Hi!
I'm a developer of a mod for Civilization IV. We have used iconv tables to open the game to new languages. To do this, the game now reads UTF-8 in xml files and convert those to Windows codepages, and thus, allows the game to run in all 1 byte languages.
Now, we're are implementing asian languages support but i'm quite lost with the conversion function. The asian characters are oftenly coded on 3 bytes, and the game will read each byte as a char. I'm trying to adapt the iconv function to gather the three chars (to make a wchar) and guess the asian char.
Let's take an example with a korean string: 아브라함 (UTF8).

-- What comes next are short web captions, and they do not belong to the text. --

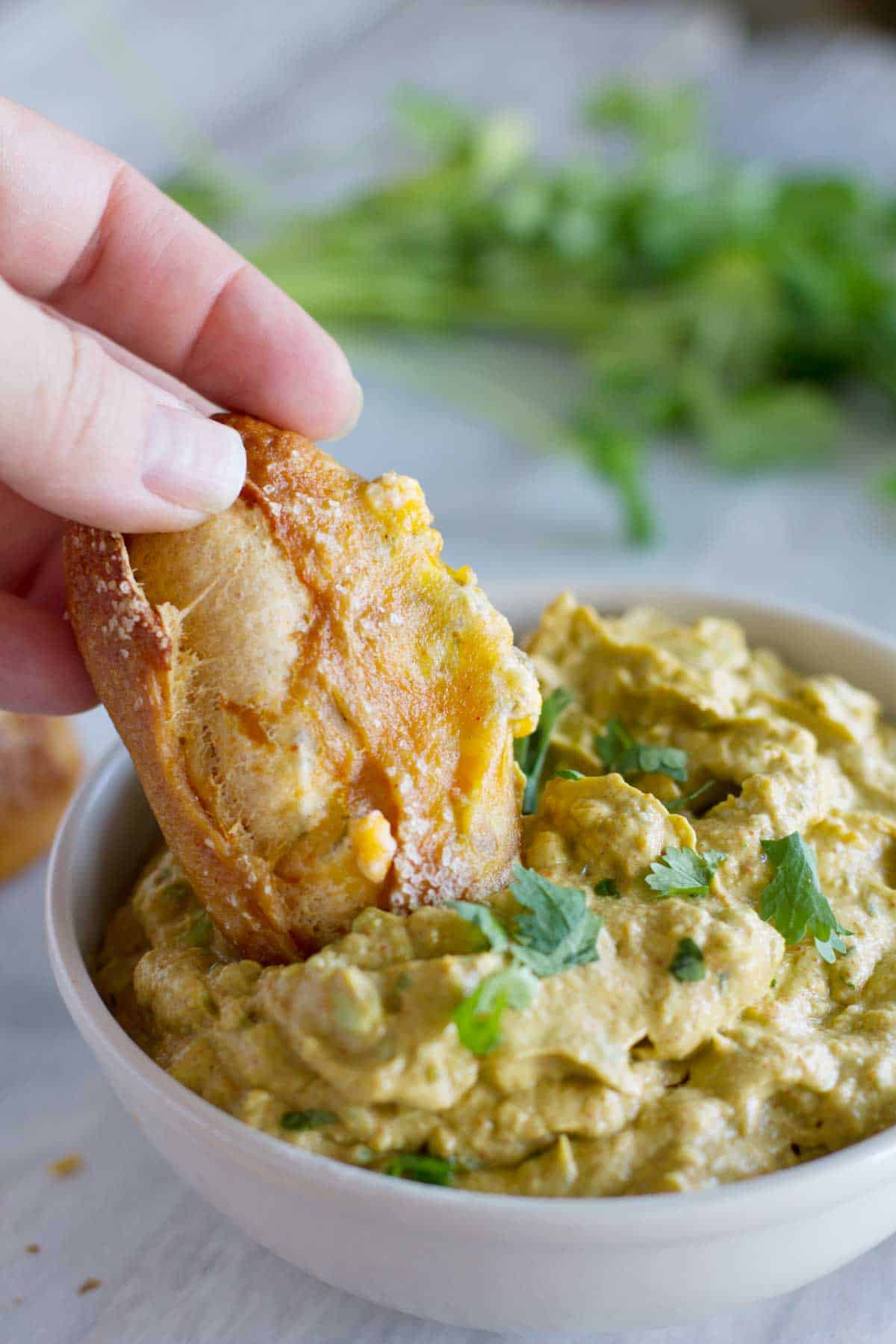 Dunking a jalapeno stuffed taco soft pretzel stick into guacamole.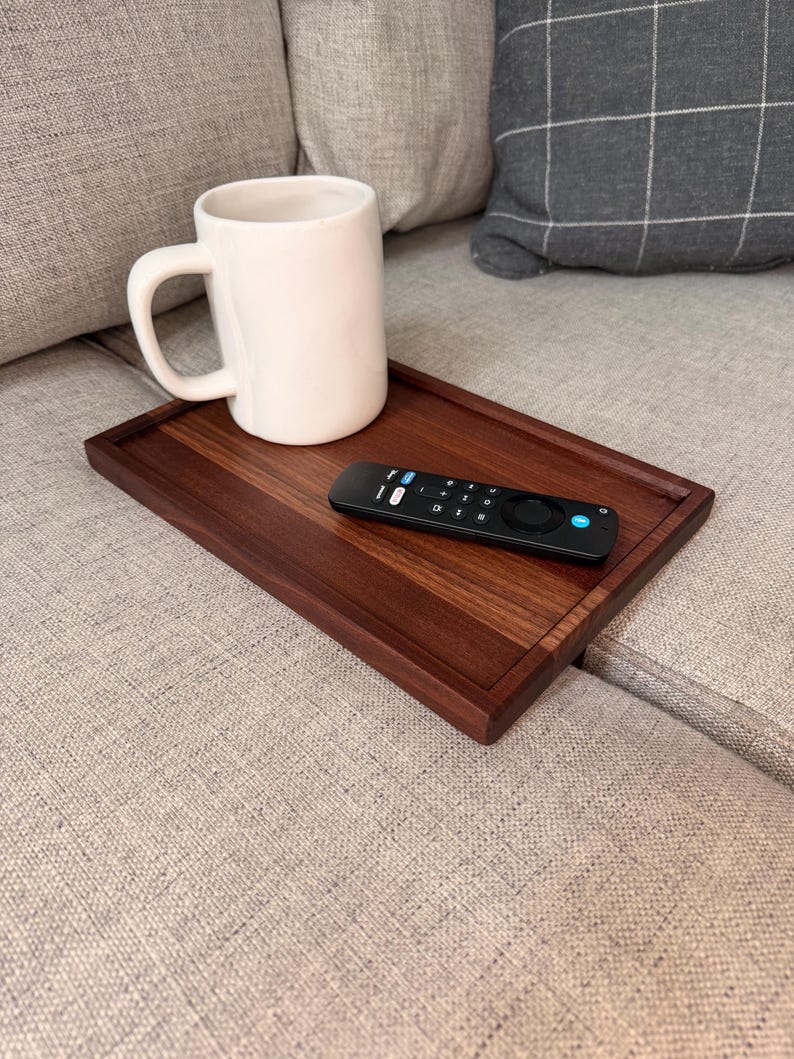 May include: A rectangular dark brown wooden tray with a smooth finish, holding a plain white ceramic mug and a black remote control with various buttons, including a prominent blue circular button, resting on a textured fabric surface.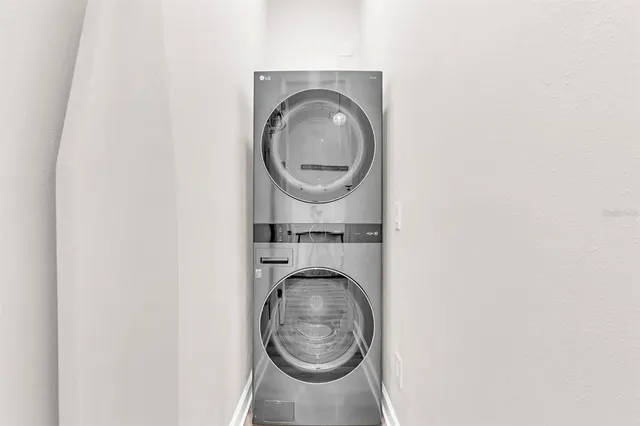 a view of a house with swimming pool and sitting area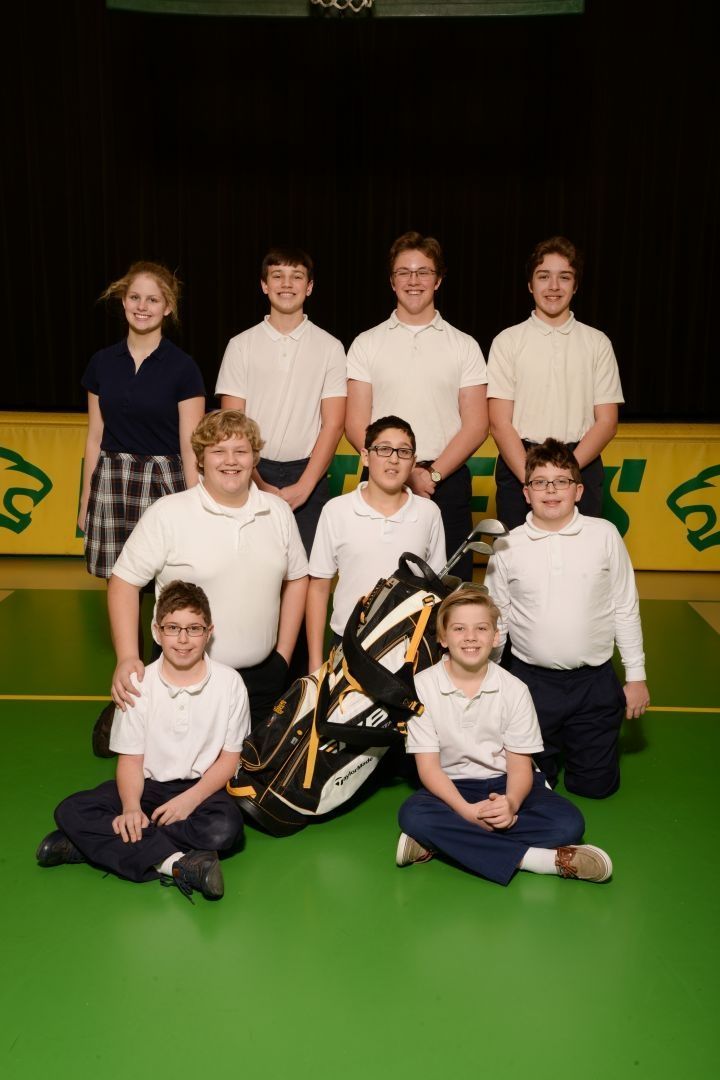 A group of children posing for a picture with a golf bag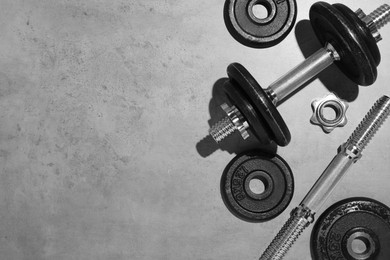 Photo of Barbell and parts of one on grey floor, flat lay. Space for text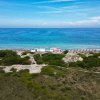 Spiaggia con mare turchese e cabine bianche e rosa.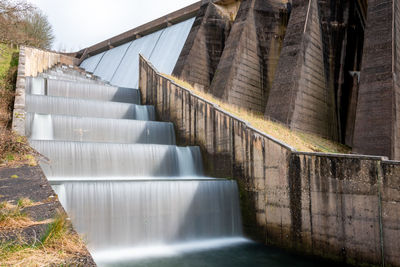 Long exposure of the waterfalls flowing over wimbleball dam in somerset 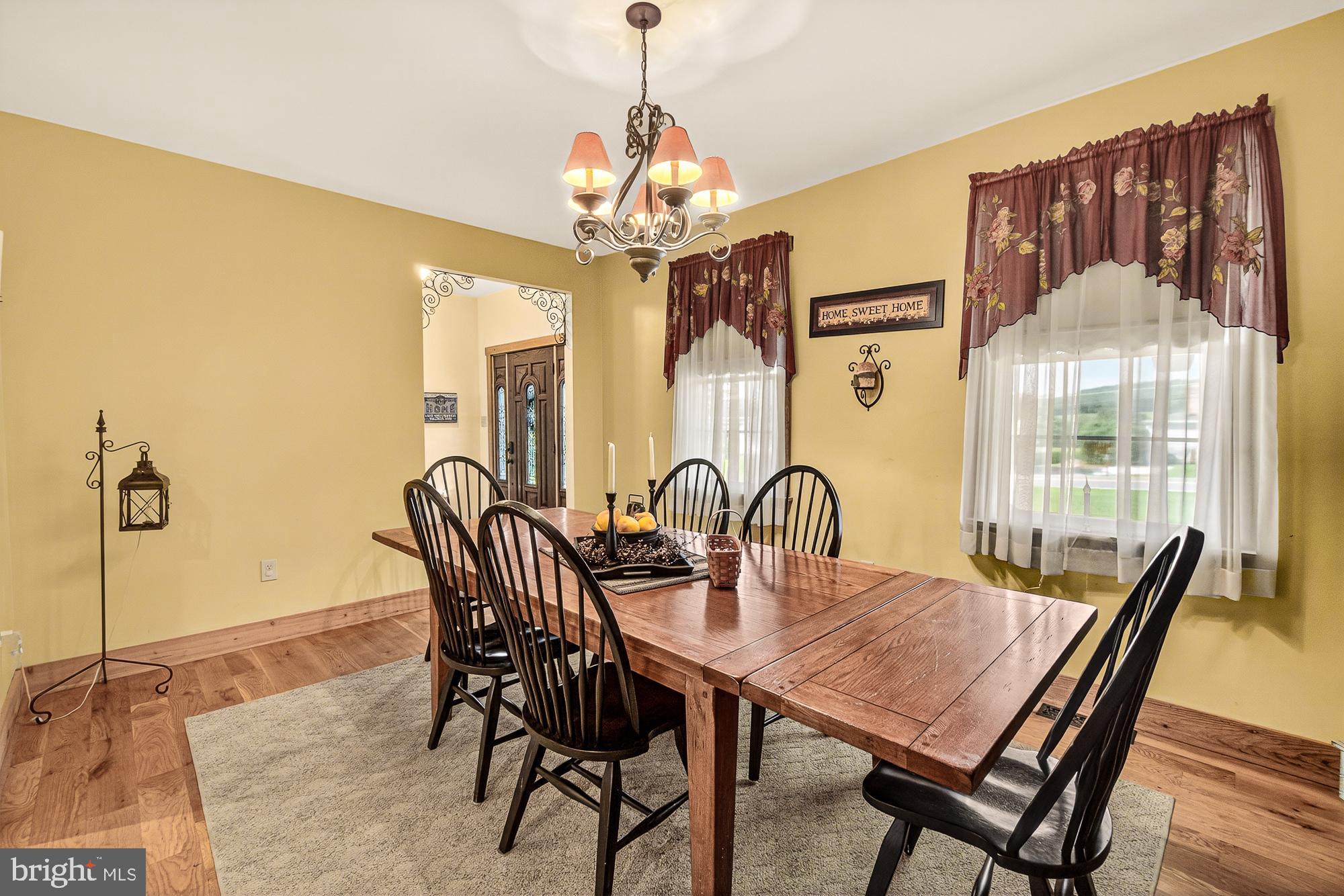 4948 Teen Barnes Road Frederick, MD 21703 - Photo 12 of 56 a dining room with furniture a chandelier and window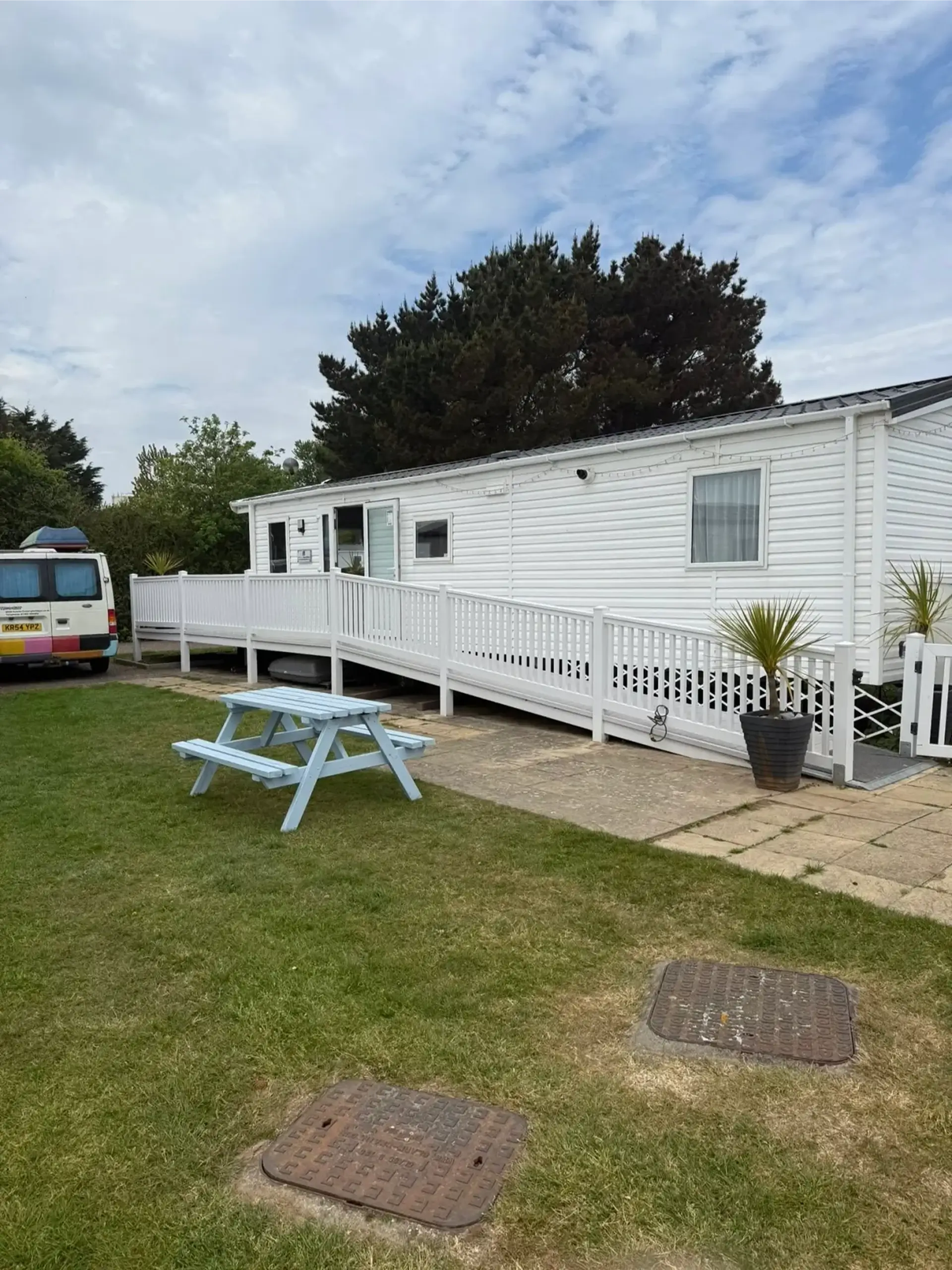 White holiday home with a long access ramp, picnic bench on the lawn.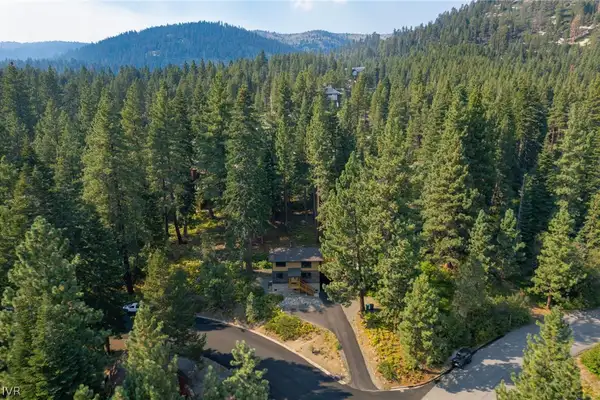 Aerial view of a home surrounded by pine forest, Sugar Pine Tahoe Lodge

The game reads ì•„ë¸Œë ¼í•¨.
The following adresses are:
아 : EC 95 84
브 : EB B8 8C
라 : EB 9D BC
함 : ED 95 A8
The string is read as follow: ì•„ë¸Œë ¼í•¨
ì : EC
• : 95
„ : 84
ë : EB
¸ : B8
Œ : 8C
ë : EB
9D (unprintable)
¼ : BC
í : ED
• : 95
¨ : A8
Now, here is the original iconv function:
static int
cp949_mbtowc (conv_t conv, ucs4_t *pwc, const unsigned char *s, int n)
{
unsigned char c = *s;
/* Code set 0 (ASCII) */
if (c < 0x80)
return ascii_mbtowc(conv,pwc,s,n);
/* UHC part 1 */
if (c >= 0x81 && c <= 0xa0)
return uhc_1_mbtowc(conv,pwc,s,n);
if (c >= 0xa1 && c < 0xff) {
if (n < 2)
return RET_TOOFEW(0);
{
unsigned char c2 = s[1];
if (c2 < 0xa1)
/* UHC part 2 */
return uhc_2_mbtowc(conv,pwc,s,n);
else if (c2 < 0xff && !(c == 0xa2 && c2 == 0xe8)) {
/* Code set 1 (KS C 5601-1992, now KS X 1001:1998) */
unsigned char buf[2];
int ret;
buf[0] = c-0x80; buf[1] = c2-0x80;
ret = ksc5601_mbtowc(conv,pwc,buf,2);
if (ret != RET_ILSEQ)
return ret;
/* User-defined characters */
if (c == 0xc9) {
*pwc = 0xe000 + (c2 - 0xa1);
return 2;
}
if (c == 0xfe) {
*pwc = 0xe05e + (c2 - 0xa1);
return 2;
}
}
}
}
return RET_ILSEQ;
}
It only expects 2 chars/bytes and we have 3, so i don't understand what should i do to process the multibytes into a wchar. For the example, EC 95 84, how to handle the conversion ? The first byte is still important as EB 95 84, ED 95 84, are also characters...
Thank you for your help,
Hadrien.